Exercise material
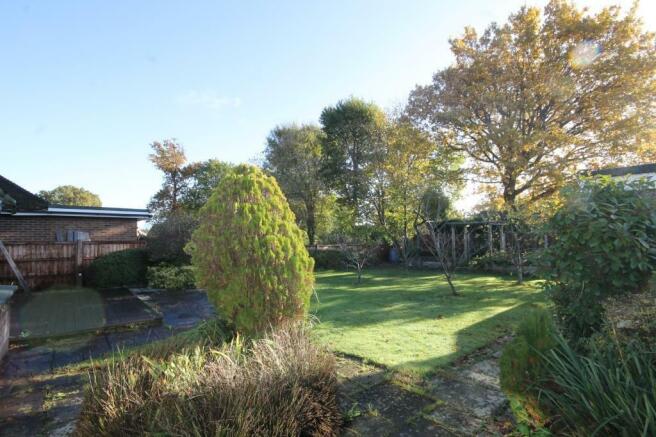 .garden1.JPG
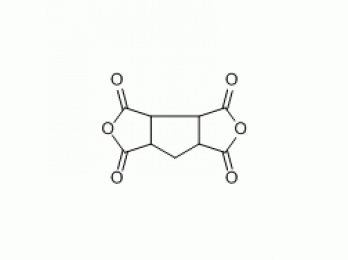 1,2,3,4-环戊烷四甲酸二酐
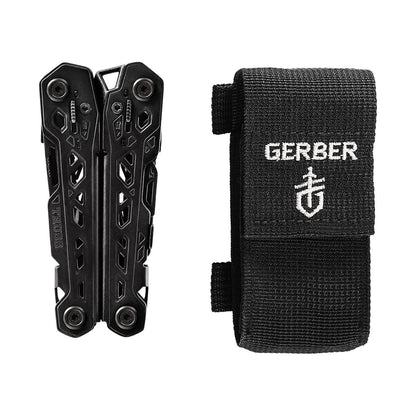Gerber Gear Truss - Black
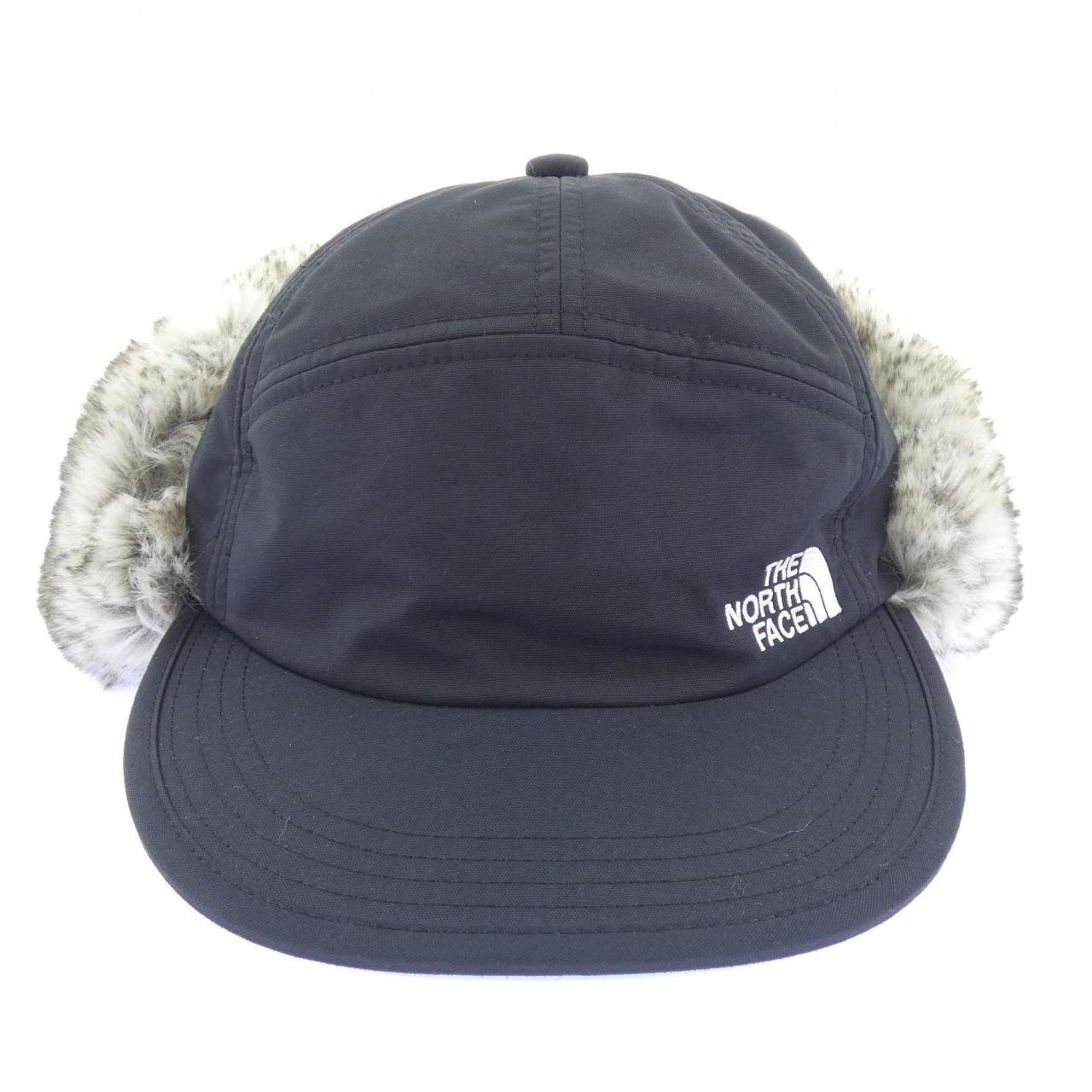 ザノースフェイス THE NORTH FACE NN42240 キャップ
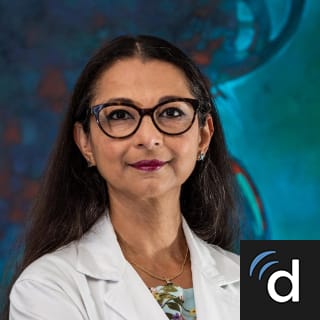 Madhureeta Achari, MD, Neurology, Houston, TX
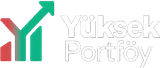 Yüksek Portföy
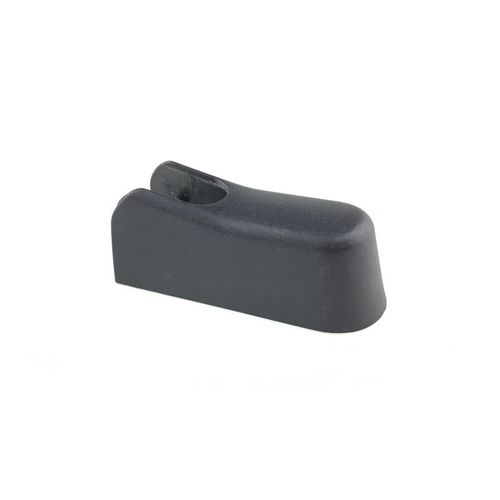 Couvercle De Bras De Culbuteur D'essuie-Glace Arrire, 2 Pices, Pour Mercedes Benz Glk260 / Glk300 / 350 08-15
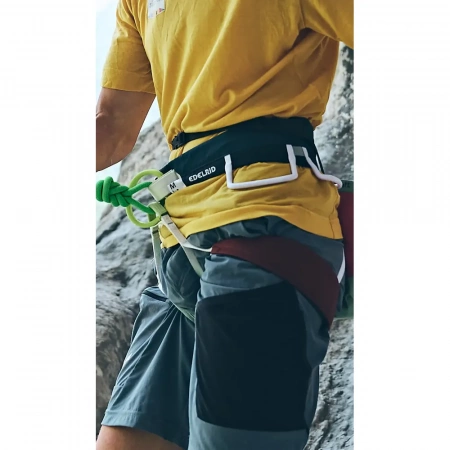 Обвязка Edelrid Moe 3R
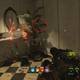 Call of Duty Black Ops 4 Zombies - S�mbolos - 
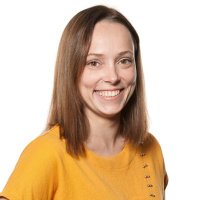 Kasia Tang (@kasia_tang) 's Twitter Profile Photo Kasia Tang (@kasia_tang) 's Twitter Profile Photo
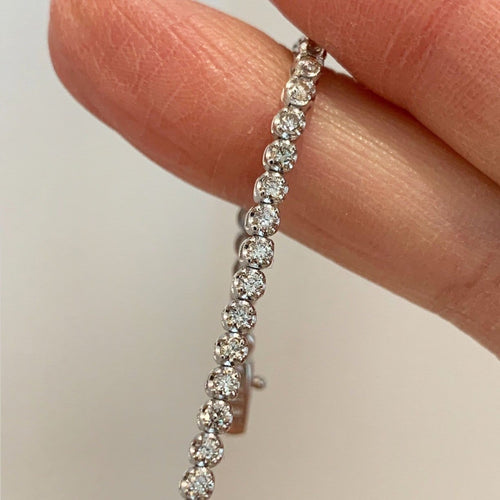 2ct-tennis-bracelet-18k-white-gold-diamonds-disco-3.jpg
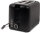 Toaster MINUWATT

How to complete this task
The copy must begin at the line containing "ザノースフェイス THE NORTH FACE NN42240 キャップ" and end at the last line of the data above, with every line retyped exactly and no pictures included.

Answer
 ザノースフェイス THE NORTH FACE NN42240 キャップ
 Madhureeta Achari, MD, Neurology, Houston, TX
 Yüksek Portföy
 Couvercle De Bras De Culbuteur D'essuie-Glace Arrire, 2 Pices, Pour Mercedes Benz Glk260 / Glk300 / 350 08-15
 Обвязка Edelrid Moe 3R
 Call of Duty Black Ops 4 Zombies - S�mbolos - 
 Kasia Tang (@kasia_tang) 's Twitter Profile Photo Kasia Tang (@kasia_tang) 's Twitter Profile Photo
 2ct-tennis-bracelet-18k-white-gold-diamonds-disco-3.jpg
 Toaster MINUWATT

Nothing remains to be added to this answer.